Zerohedge recently reported on an interview given by Lithuanian ECB council member Vitas Vasiliauskas, which demonstrates how utterly deluded the central planners in the so-called “capitalist” economies of the West have become. His statements are nothing short of bizarre (“we are magic guys!”) – although he is of course correct when he states that a central bank can never “run out of ammunition”.
BoJ governor Haruhiko Kuroda Photo credit: Toru Hanai / Reuters
The mental state of BoJ governor Haruhiko Kuroda may be even more precarious though. As Marketwatch reports, he recently gave an interview to German financial newspaper Börsen-Zeitung, in which he inter alia threatened even more BoJ intervention:
Bank of Japan Gov.
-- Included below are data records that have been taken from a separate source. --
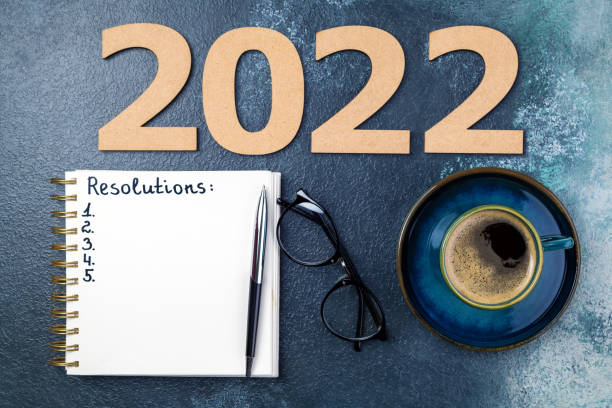 istock New year Resolutions 2022 on desk. 2022 Resolutions with open notebook, coffee cup, eyeglasses on blue background. Resolutions, goals, planning, strategy, business 1344021652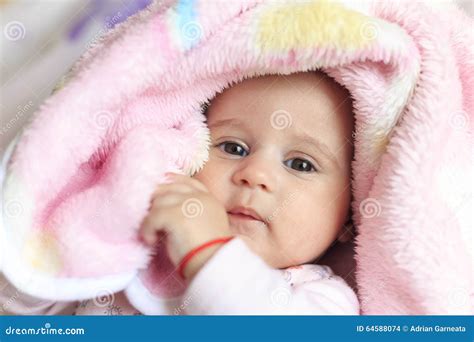 Baby Covered In Pink Blanket Stock Photo Image Of Playing Baby 64588074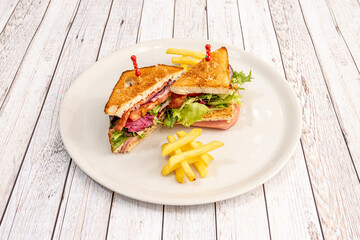 Typical club sandwich with layers of lettuce, sliced tomato, bacon, red onion, ham and grilled sliced bread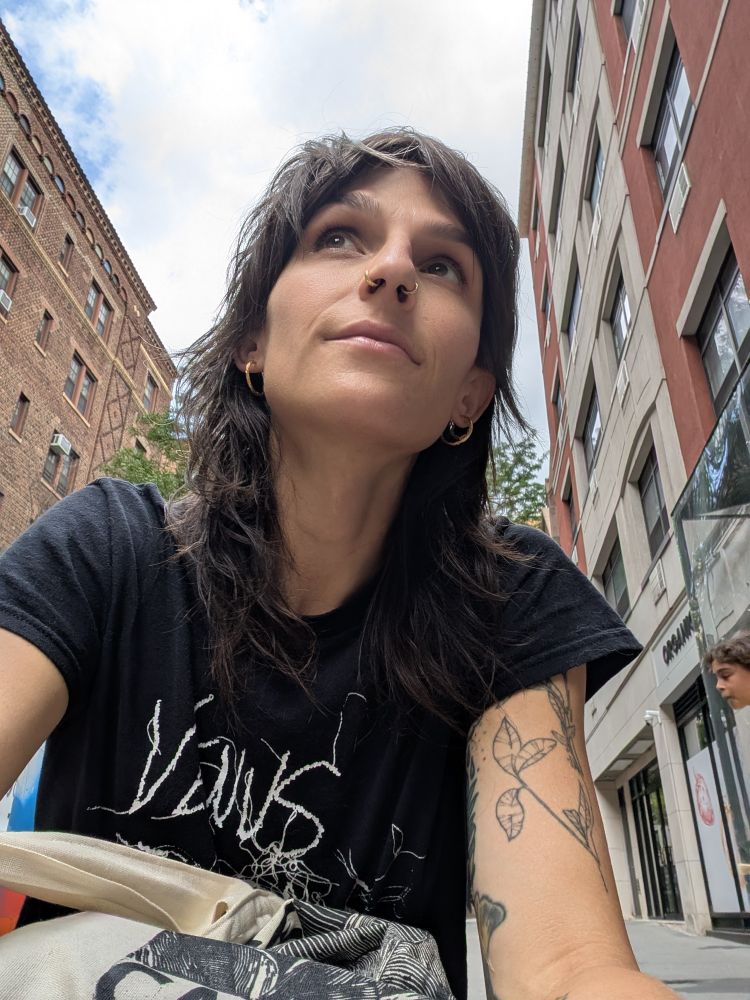 A woman wearing a black t-shirt crouches on the ground in a city setting. The photo is taken up close. She is looking above the camera. Her shirt says 'Venus Twins', from a noise punk band in Brooklyn.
Haruhiko Kuroda said the central bank “can still ease [its] monetary policy substantially” if necessary, in an interview with German financial newspaper Börsen-Zeitung published Wednesday.
This is per se not surprising, although one wonders what Kuroda thinks can possibly be achieved by upping the ante on this:
Assets held by the BoJ vs. the Nikkei index – April 1999 = 100 – click to enlarge.
We have added the Nikkei Index to the chart of BoJ assets above because inflating stock prices is one of the central bank’s declared goals – its stake in ETFs listed on the Tokyo Stock Exchange has in the meantime exploded to more than 50% (which we believe is eventually going to create a socialist calculation-type problem).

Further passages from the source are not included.